Large Language Model (LLM) in Autonomous Driving

Talk By Hongyang LI

Nov 23, 2023 Thursday

Abstract:

We present DriveL, a new task, dataset, metrics, and baseline for end-to-end autonomous driving. It considers Grah Visual Question Answering (GVQA), where question-answer pairs are interconnected via logical dependencies at the object-level, i.e., interactions between object pairs, and the task-level, for example, perception to prediction to planning. In this talk, I will give the recent work and trending topics on how large language models (LLMs) could facilitate autonomous driving. Some preliminary results are provided and discussed to validate the zero-shot ability of the proposed algorithm at OpenDriveLab. For more details, please visit https://github.com/OpenDriveLab/DriveLM

Time:

Nov 23, 2023 Thursday

16:30-17:20

Location:

RmE1-101, GZ Campus

Zoom:

628 334 1826 (PW: 234567)

Bilibili Live:

ID: 30748067

Speaker Bio:

Hongyang Li

Research Scientist, Shanghai AI Lab

Hongyang received PhD from The Chinese University of Hong Kong in 2019. He is currently a Research Scientist at OpenDriveLab, Shanghai AI Lab.
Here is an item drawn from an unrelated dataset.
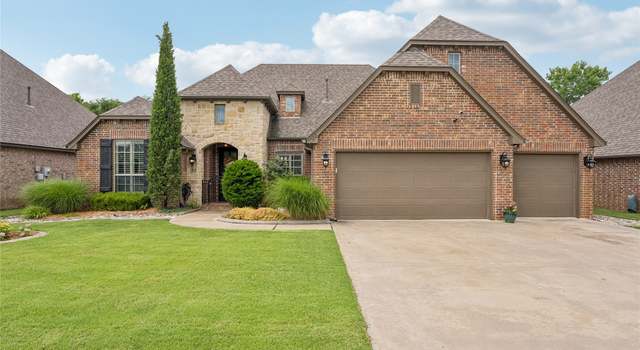 Photo of 7722 N 142nd Ave E, Owasso, OK 74055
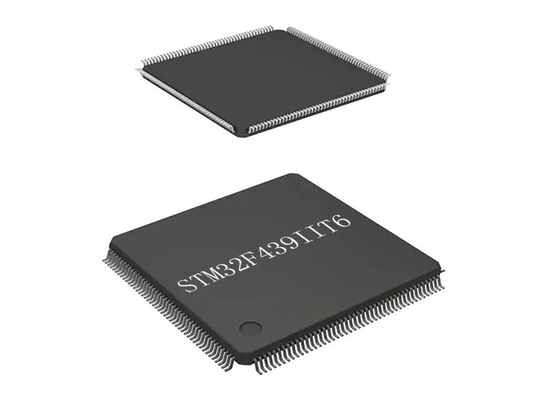 STM32F439IIT6 el microcontrolador MCU 2MB integró el microcontrolador IC del BRAZO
His expertise focused on perception and cognition, end-to-end autonomous driving and foundation model. He serves as Area Chair for top-tiered conferences multiple times, including CVPR, NeurIPS. He won as PI the CVPR 2023 Best Paper Award, and proposed BEVFormer that is renowned for 3D object detection baseline and won the Top 100 AI Papers in 2022.